After 20 years as the president of Yale University, Richard Levin is making a gamble on Coursera.
Handout / Reuters
As questions mount over the future of online education, Richard Levin, the former president of Yale University, is putting his faith in Coursera, a fast-growing online education company known for its massively-open online courses, or MOOCs. The company announced today that Levin, who retired from Yale in June and has been advising the online education provider since January, would be its next CEO.
Coursera and its non-profit counterpart, edX, have been forging partnerships with a variety of prestigious universities to provide open content in an online format, such as an open Yale economics course taught by Nobel Prize-winner Robert Shiller.
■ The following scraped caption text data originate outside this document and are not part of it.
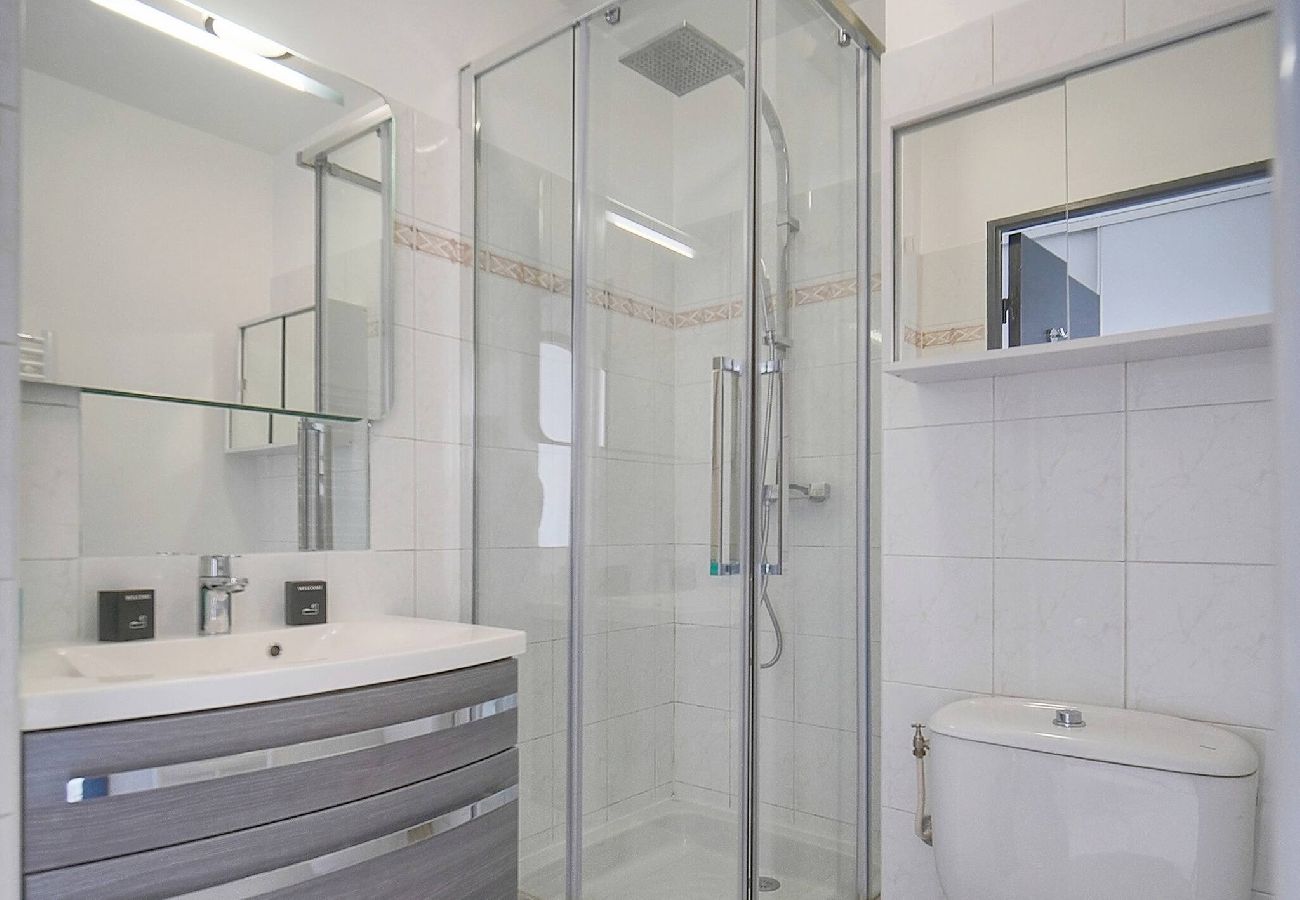 Studio à Cannes - FRGK Gallieni Studio Calme avec Terrasse Privée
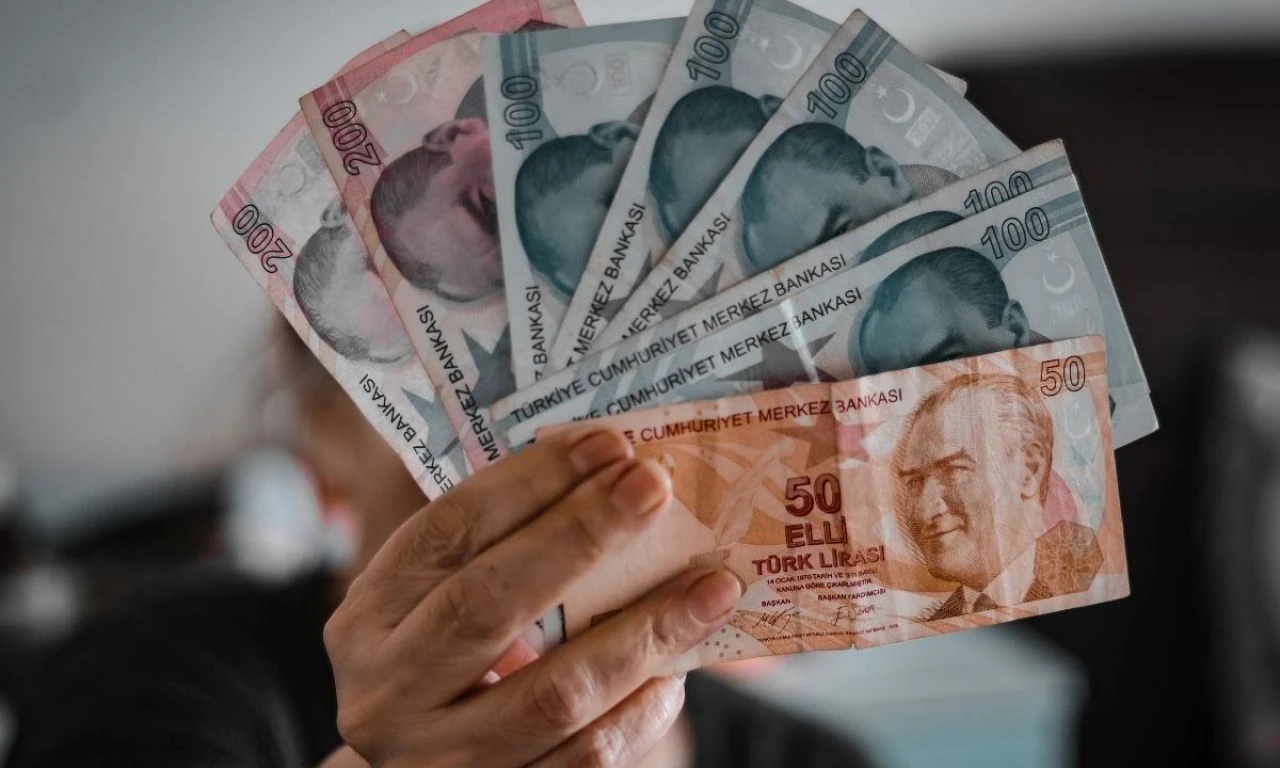 En yüksek promosyonda yarış alevlendi, ödeme 20 bine dayandı! Emekli maaş zammı daha da kızıştıracak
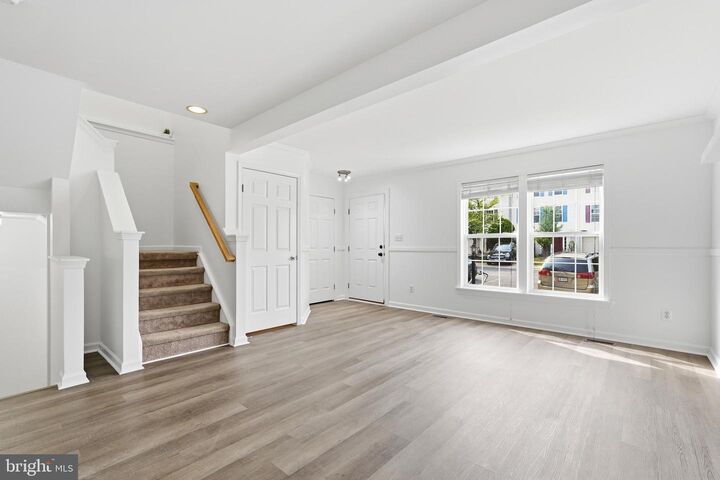 Property Photo:  9041 Falcon Glen Court  VA 20136 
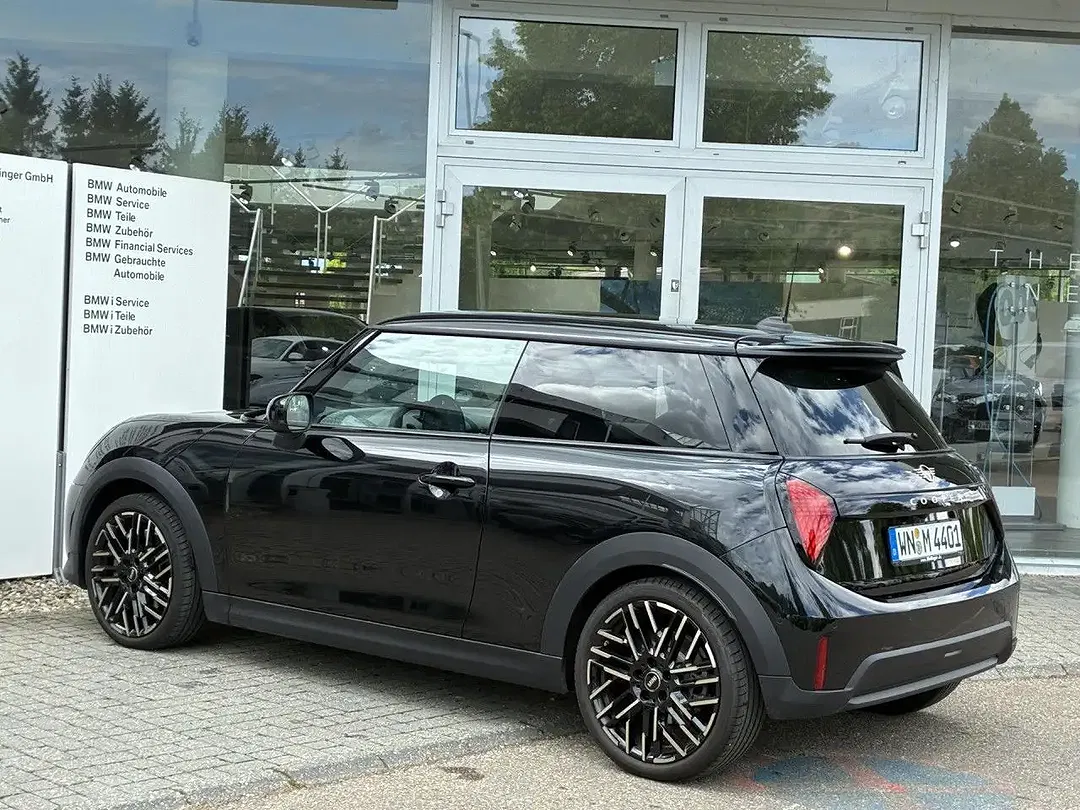 MINI Cooper S John Cooper Works - Thumbnail 6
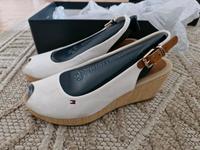 Tommy Hilfiger Sandalen Keilabsatz weiß Brandenburg - Blankenfelde-Mahlow Vorschau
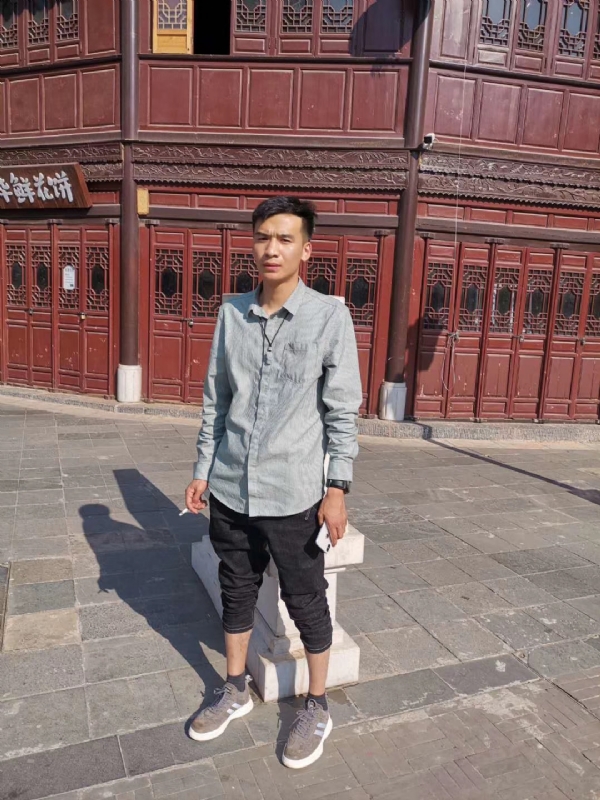 刘方的第一张照片--武汉相亲服务中心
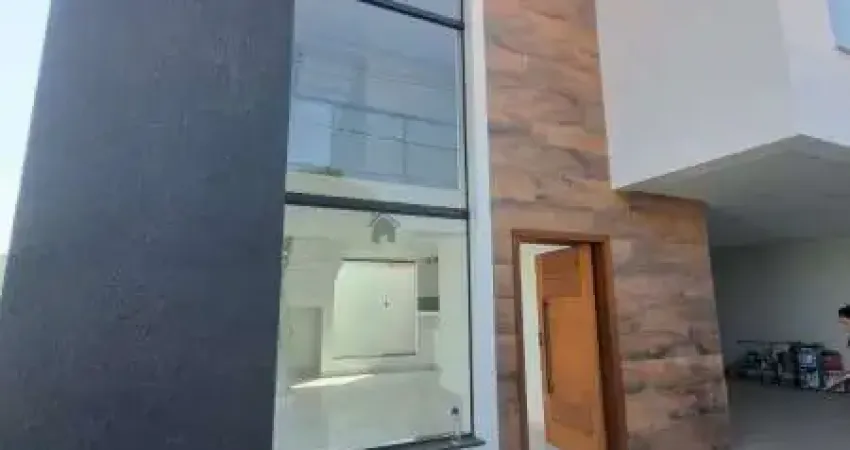 EXCELENTE CASA COM ACABAMENTO DE LUXO EM A“TIMA LOCALIZAA‡AƒO DO GUARUJA MANSA•ES EM BETIM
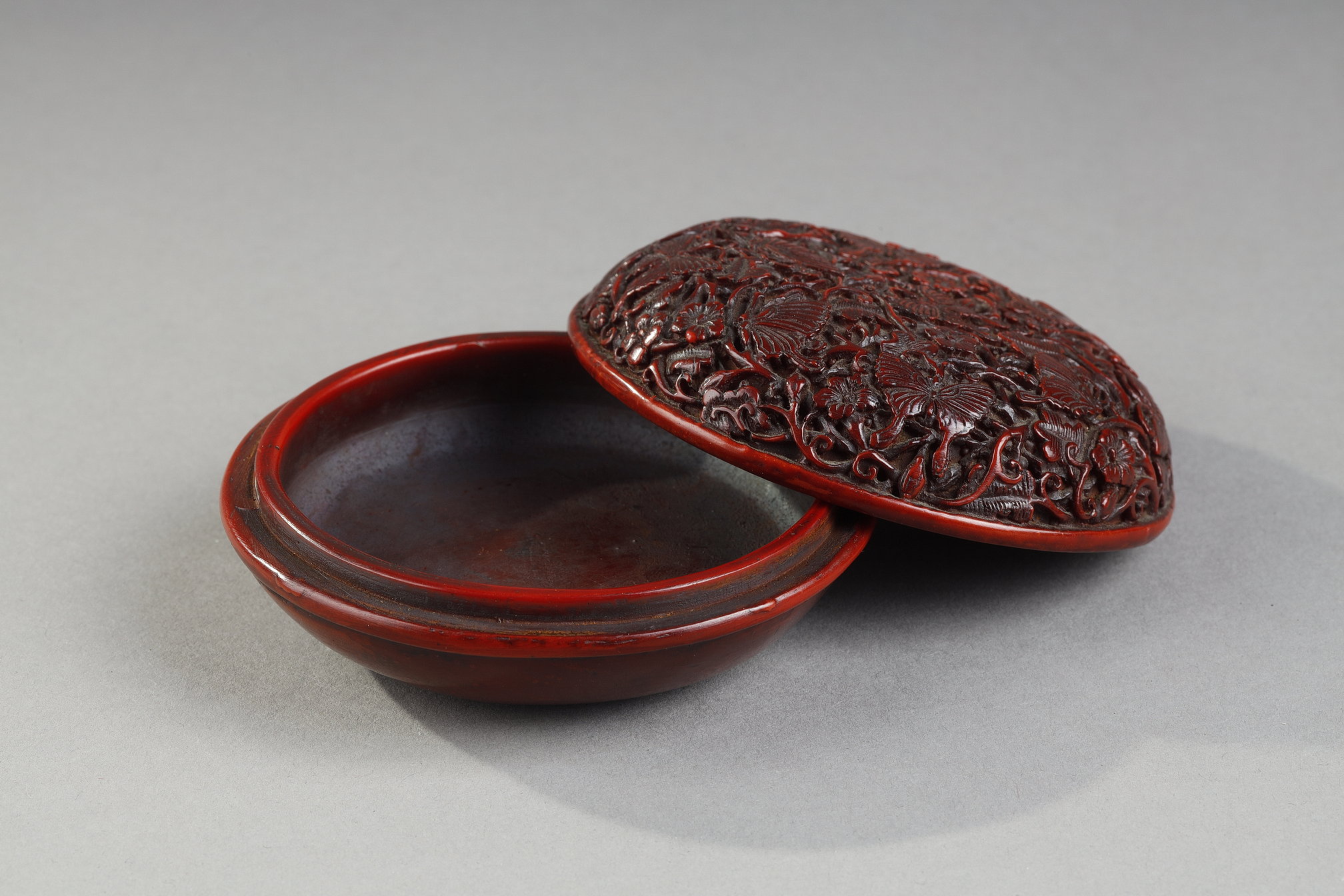 Japanese : Kogo (incense box) round red cinnabar lacquer decor butterflies in flight in hibiscus scrolls
Japan Meiji era '1868/1912)
8cm diam
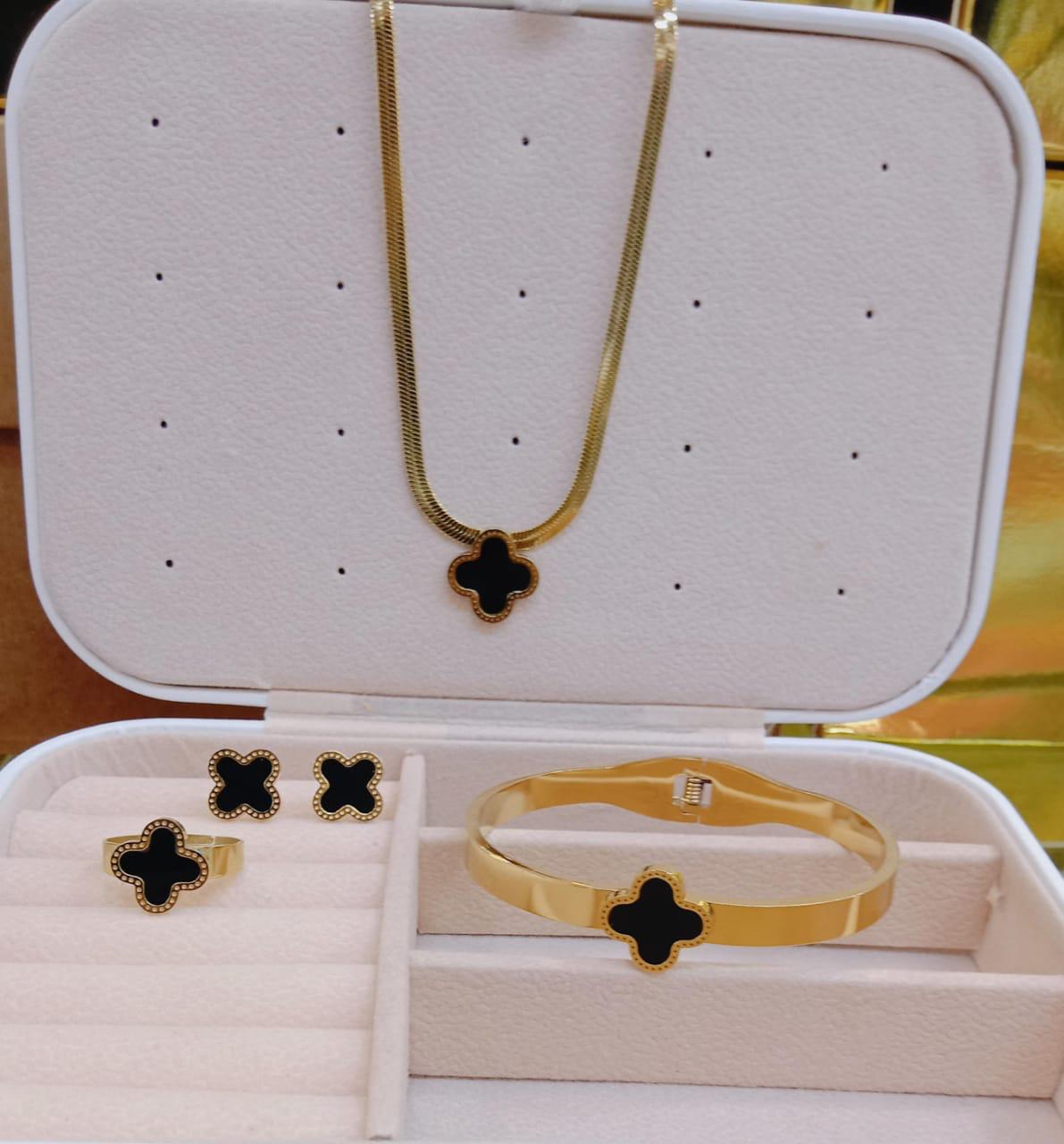 Clover Jewelry Set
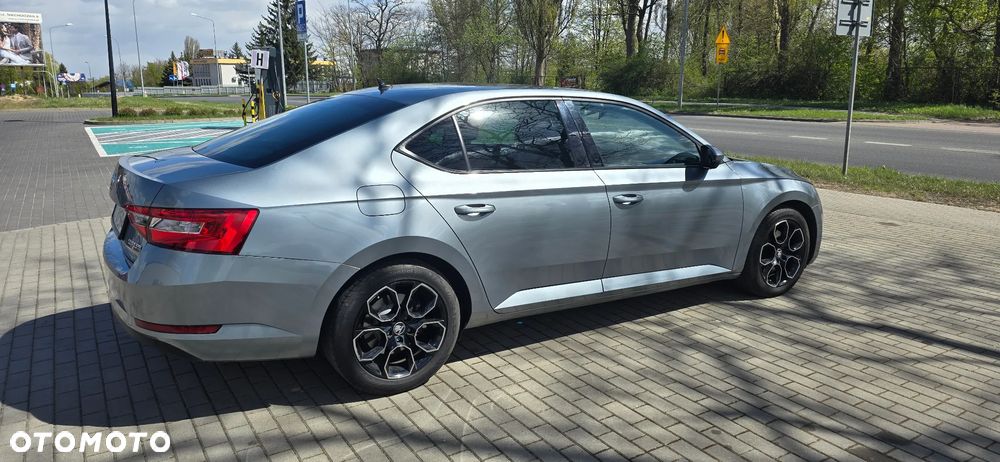 Skoda Superb 2.0 TDI Active - 5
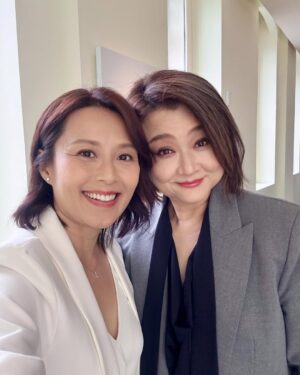 Priscelia Chan Instagram - #小娘惹之翡翠山 is coming to you on 17mar MeWatch and 19 March, 9pm on Channel 8 ✨ 
Coming back to the Peranakan Museum for the press conference brought back lovely memories of the day when all of us (actors and production team) came for research tour before we started filming Emerald Hill last year ❤️
Do tune in and take a trip back to the late 1940s to 1970 with us in #mediacorpemeraldhill 😊
@mediacorp.re.dian #mediacorp #thelittlenonya

Make up @mediacorp @herislee 🌻
Hair @mediacorp Eileen 🌻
Coursera now offers free courses from more than 100 universities.
"Technology now gives us the means to extend the reach of high quality education around the world and to provide millions of people with access to learning and opportunities for advancement," Levin said in a statement. "Coursera is at the front of this effort, with a stellar team, a remarkable growth trajectory, and a purpose that is an unmitigated public good."
But MOOCs have struggled with low levels of student engagement and, for companies like Coursera, questions about how the open platforms would generate revenue.
In December of last year, the founder of another MOOC company, entrepreneur Sebastian Thrun, announced his company was shifting its attention towards a corporate training model and away from the education-for-all model that led The New York Times to pronounce 2012 "The Year of the MOOC." At the time, Thrun told Fast Company magazine, "We have a lousy product."
Coursera, however, is forging ahead with the MOOC model, hoping to raise money, and student engagement, by offering certificates to course finishers and increasing partnerships with existing universities.